This sounds like it's going to be a lovely floor!
Most modern solid wood flooring I've seen comes in narrow strips of 2-3" (~50-75mm), and is tongue and groove (T&G). (Heck, even your laminate flooring was T&G.) To install it, you nail through the bottom of the groove of the first piece against the wall, then lay down the second strip, bang it up tight against the first and nail through its groove. This locks all the pieces together, but each one is only held to the subfloor on one side. Expansion can move the wood from the nailed groove toward the unnailed tongue side. However, there's very little room for expansion because the pieces are pulled hard together by hammering them into place, then the flooring nailer is designed to give it one final whack in the right direction as the nail is driven home.
There will be some expansion in a floor like this, but since each strip is reasonably narrow, it will be minimal.
Your planks are 2-3 times wider, which means you'll have 2-3 times as much expansion per plank. You don't indicate if they're T&G or if they're flat sided. When you say you're going to screw them down, I'm envisioning that they're flat sided and that you're planning on screwing through the faces. In this scenario, what will happen is that they'll twist, warp, and split as they expand and contract. Not going to be a pretty result after a few years.

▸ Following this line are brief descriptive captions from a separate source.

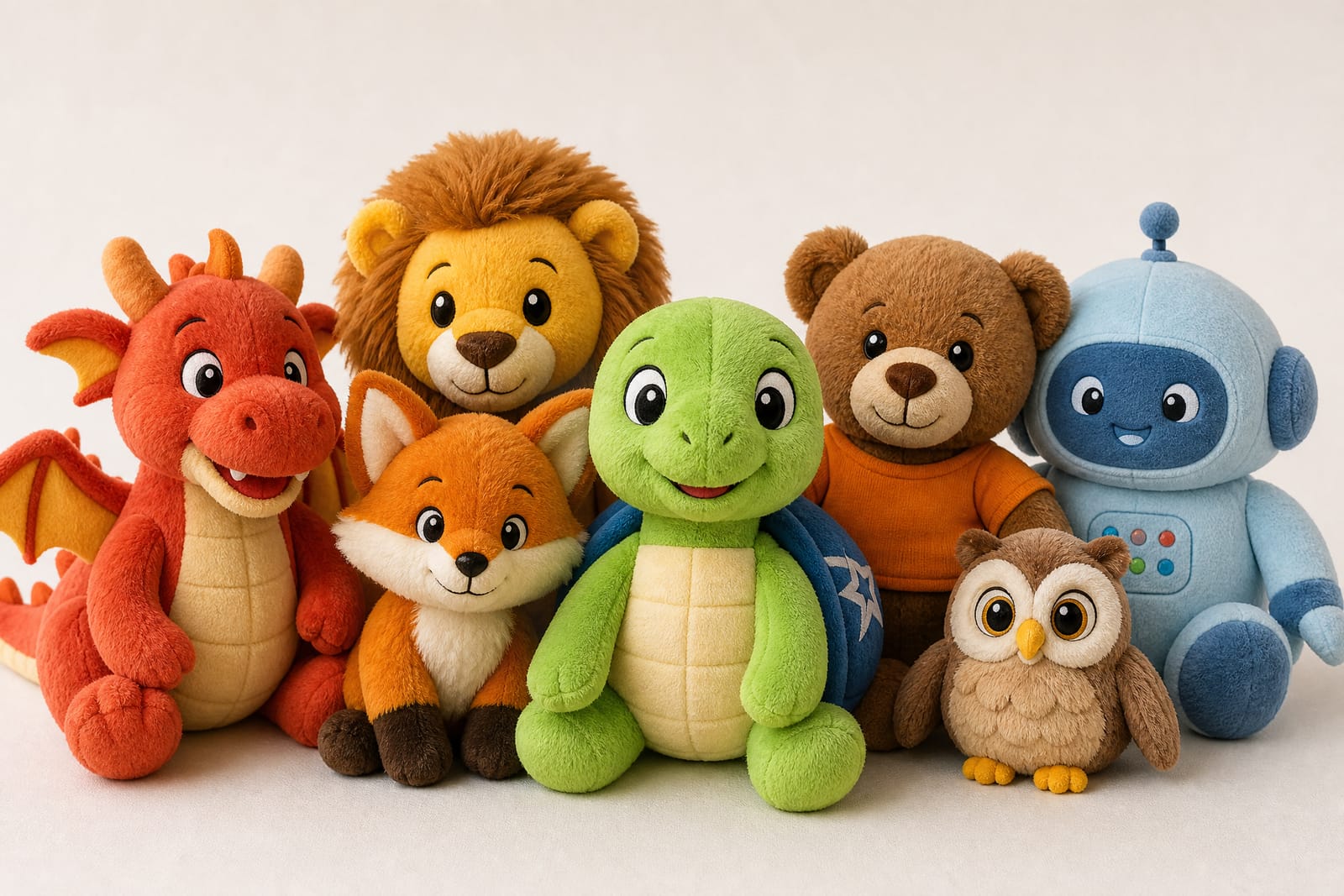 Zeven conceptmascottes als pluche knuffels naast elkaar, met Tobi in het midden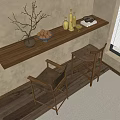 Wooden Bar Counter With Fruit Bowl Vase Bottles And Two Brown Chairs On Wooden Floor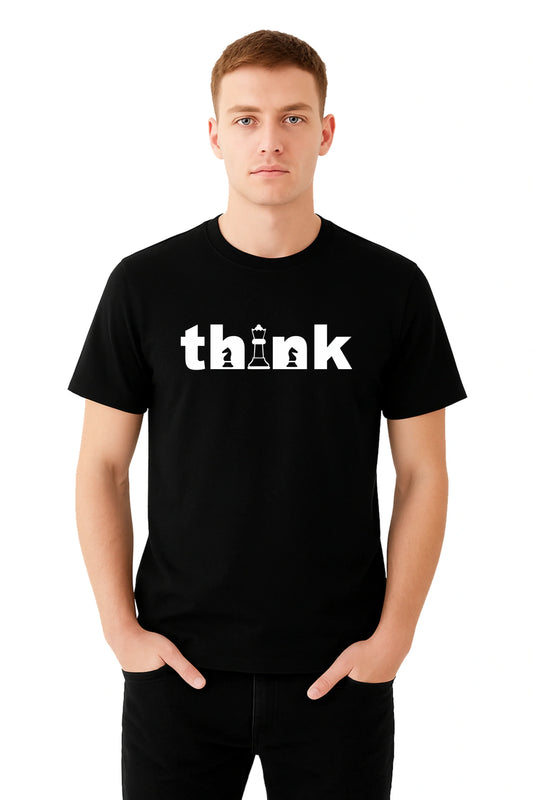 Black Printed (THINK)  Men's Half sleeve Casual Wear Regular Fit 100% Cotton Bio-Wash T-Shirt.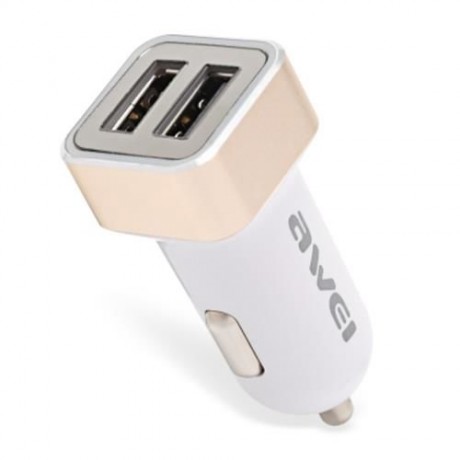 AWEI C - 200 DUAL-PORT 2.4A USB SMART CAR CHARGER (WHITE AND GOLDEN)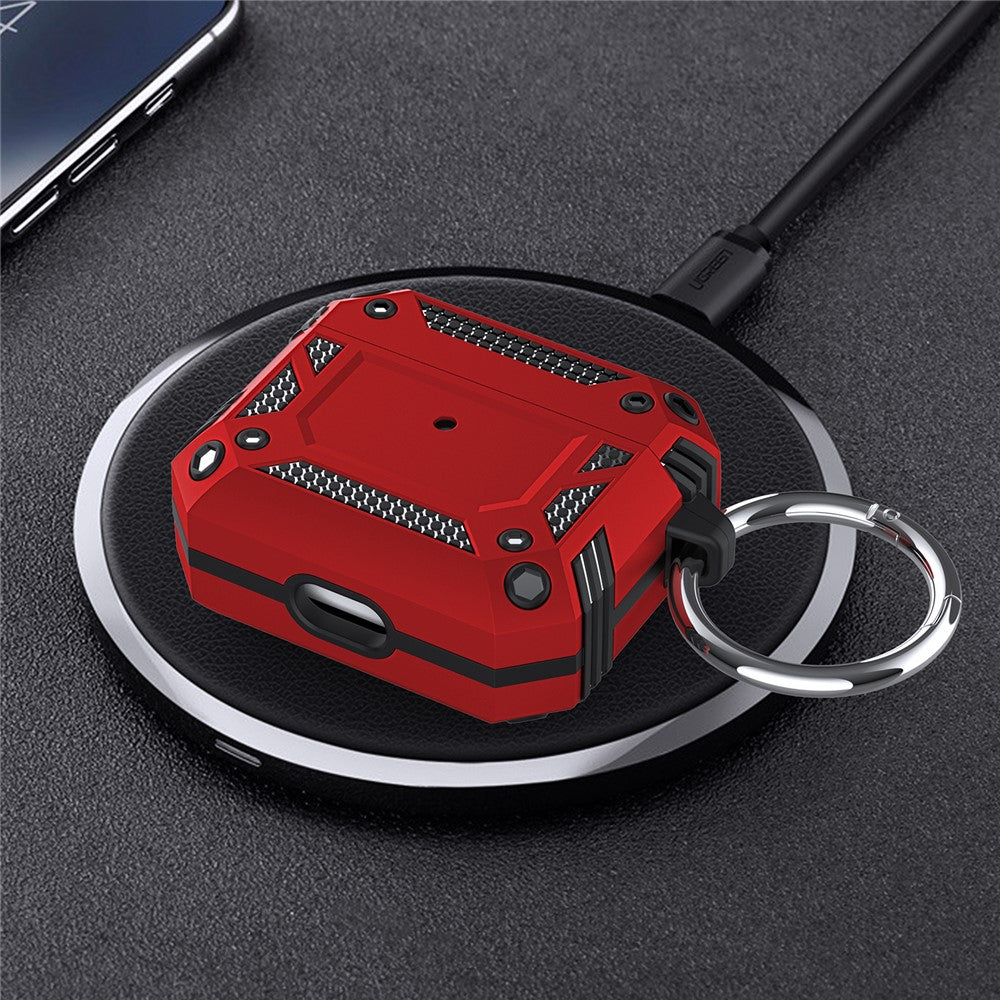 Compatible With  AirPods 5 / 4 Hard PC + TPU Skin Cover Shockproof Scratch Resistant Earphone Case with Carabiner - Black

I'd suggest that instead, you'll want to nail through the edges to hide the nails. If you've already got the material on hand, consider getting a router and a T&G bit set. Route a tongue on one side and a groove on the other. Then, when you set the flooring, leave a small gap between each board and nail through the groove side.

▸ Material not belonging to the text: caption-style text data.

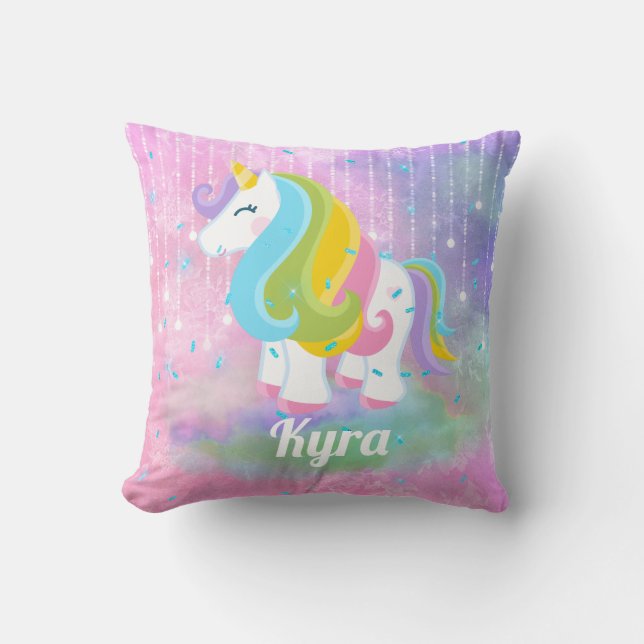 Fantasy Unicorn add namn hemdekudde Kudde (Framsida)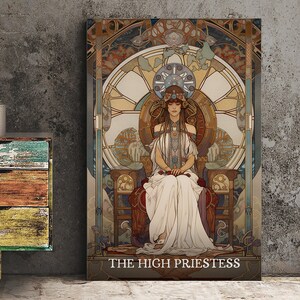 La Suma Sacerdotisa - Impresión de cartas del Tarot - Póster de la carta La Suma Sacerdotisa, sin marco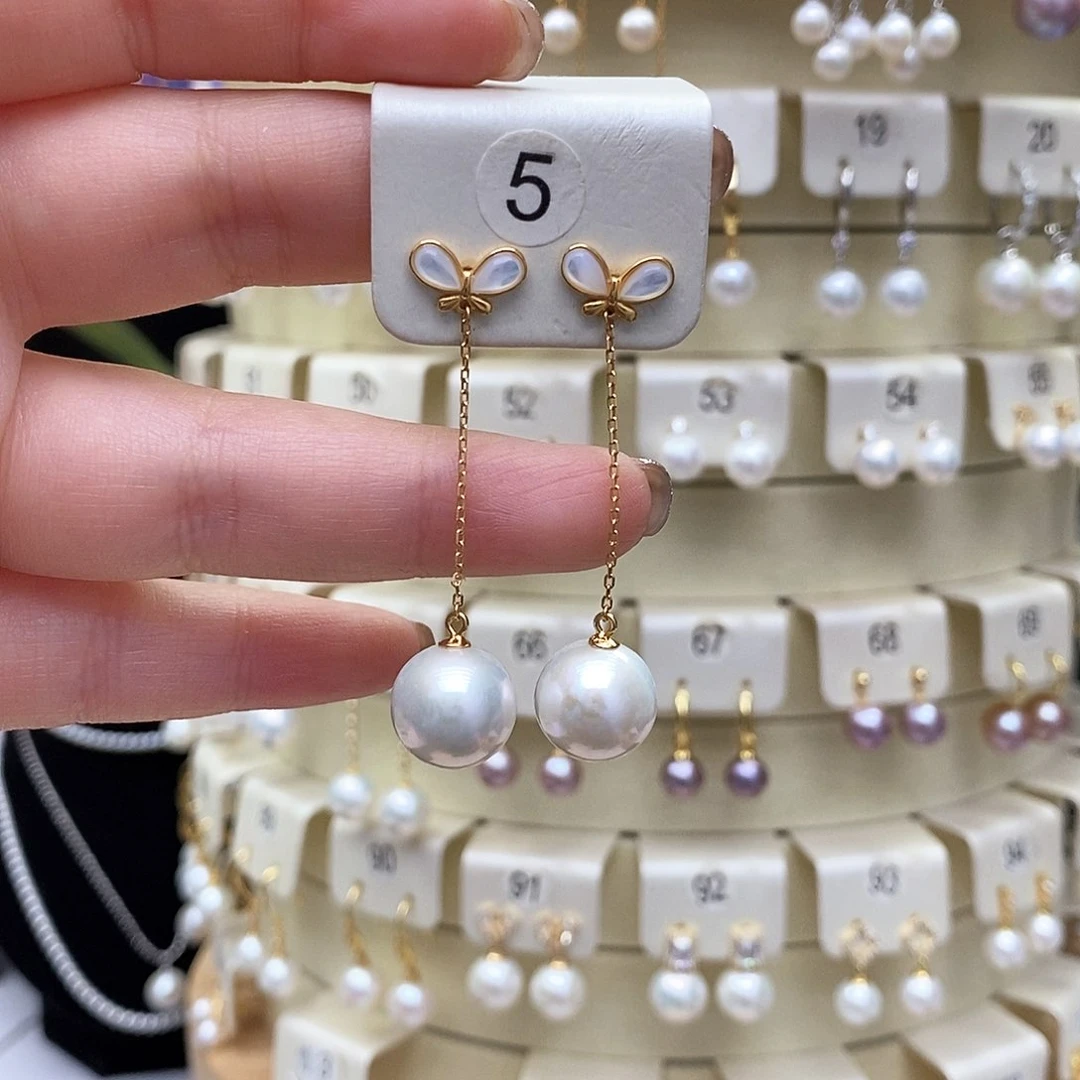 淡水珍珠耳饰银S925镶嵌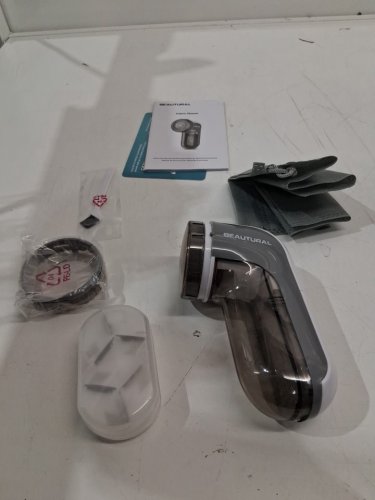 BEAUTURAL BATTERY OPERATED LINT REMOVER FABRIC SHAVER WITH 2 SPEEDS AND TWO REPLACEABLE BLADES - WHITE/grey (MODEL: 719NA-0001) image 3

I'd suggest doing a quick internet search for the expected expansion of oak. Depending on when you're installing (is it currently the wetter or drier part of the year), leave some gap to give you the approximate amount of spacing based on the expansion rate of oak in your width and thickness. You may want to make yourself some spacers (anything from a tongue milled on a board to a few nails that you can temporarily drive in to provide the spacing), then set the flooring as above.
If you look at old flooring (your pine/larch planks) you'll see that they were laid with some gap - it was for exactly this reason.
One final consideration - if you have modern HVAC, especially "AC" (air conditioning), that will help considerably to stabilize the humidity levels inside the house throughout the year and will help reduce the amount of expansion. If you do, you can likely reduce the gap you leave between the floor boards. YMMV.
If you cannot/will not make them T&G for installation, then I'd suggest that you'll need to predrill for each face screw. Once you've got a hole, with the bit still in the hole & spinning, rock the drill side-to-side (across the width of the board, not along the length) to make a bit of a slot instead of just a round hole. (Do this with the board on saw horses - you don't want to make a slot in the subfloor where the screw is going to hold down.) Then, when you screw the boards down, don't drive the screws completely tight, leave them just
loose (the screws should be countersunk a bit to allow the heads to be flush or just slightly sunken). This will allow the boards to move a bit as they expand/contract and should help
prevent warping/splitting. Again, YMMV depending on how much you slot the boards and this may vary from screw hole to screw hole.